つまりほとんどすべての行政サービスがオンライン化されているといっていい。例外は結婚、離婚、不動産売買くらいのものだという。このように便利なデジタル社会で肝心なのは、先述したようにマイナンバーカードへの信頼性だ。

国が国民を監視したり管理したりするのに使われないか、なりすましや、個人情報の漏洩はないのか、などの恐れがわれわれ日本人には根強くある。

では、エストニアのeIDカードへの信頼性はどこで担保されているのかを見てみよう。

電子政府の本質をなすのが「X-Road」というシステムだ。これを金融機関など民間が利用し、社会全体のセキュリティを形成している。

情報はセキュリティ・サーバ間でやりとりされ、暗号化されてインターネット上に送信される。すべてのメッセージには署名がされ、署名鍵は認証局である第三者機関(X-ROADセンター)に登録される。セキュリティサーバーにより、誰がいつ利用し、どのような意思決定が行われたかなどを復元できる。

カードを紛失したらすぐに再発行し、パスワードも変えられる。よほどのことがない限り、なりすましの被害にあうことはないというのが、エストニアの人々の認識だ。

国のシステムを信用し、国民の監視などに悪用されることはないと確信しているからこそ、エストニアでは電子化がしっかりと根付いているといえよう。

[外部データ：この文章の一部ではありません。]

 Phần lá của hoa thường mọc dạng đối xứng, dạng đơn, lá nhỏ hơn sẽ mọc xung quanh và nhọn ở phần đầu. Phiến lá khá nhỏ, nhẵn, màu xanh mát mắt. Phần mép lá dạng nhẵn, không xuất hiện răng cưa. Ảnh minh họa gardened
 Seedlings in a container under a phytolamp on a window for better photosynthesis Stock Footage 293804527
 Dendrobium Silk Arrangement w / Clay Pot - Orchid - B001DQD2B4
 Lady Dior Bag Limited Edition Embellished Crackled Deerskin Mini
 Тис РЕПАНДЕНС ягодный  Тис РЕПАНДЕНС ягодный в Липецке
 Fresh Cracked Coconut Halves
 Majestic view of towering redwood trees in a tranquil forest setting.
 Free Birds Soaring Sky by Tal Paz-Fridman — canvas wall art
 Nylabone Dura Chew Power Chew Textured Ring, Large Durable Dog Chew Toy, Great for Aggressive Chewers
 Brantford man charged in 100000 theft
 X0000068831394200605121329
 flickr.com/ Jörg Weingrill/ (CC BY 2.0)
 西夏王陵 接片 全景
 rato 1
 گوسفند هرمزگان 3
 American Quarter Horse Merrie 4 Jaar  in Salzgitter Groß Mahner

翻って、日本ではどこまで、デジタル社会へのスムーズな移行が可能かを思うと、ため息が出てしまう。

世界最先端デジタル国家創造宣言の名のもとに今年2月にまとめられた「官民データ活用推進基本計画」にはこう書かれている。

関係府省庁は、マイナンバー制度及び国地方を通じたデジタル基盤の構築に向け、地方自治体の業務システムの早急な統一・標準化を含め、抜本的な改善を図るため、年内に工程を具体化するとともに、できるものから実行に移していく。

これは安倍政権のころに作成されたものだ。菅政権ではデジタル庁をつくり、より推進力を高めていくということなのだろう。しかしそのためには、先述したごとく、乗り越えなくてはならない壁がいくつもある。

まずなにより、政権への信頼が地に堕ちている。いくら素晴らしいシステムを開発しようとも、情報公開すらまともにできないのでは、国民に安心せよと言っても、無理なこと。

まずは、モリ・カケ・サクラなどあらゆる疑惑に正面から向き合い、フェアに調査し直す必要がある。全ての資料を出すことによって、国民に隠し事をしない政府の姿を示すべきである。

ただし、業界団体、政治家の既得権、天下りの省益など、もろもろのしがらみに対する破壊力を、果たして平井卓也大臣が持ち合わせているかとなると、甚だ心許ないのだが…。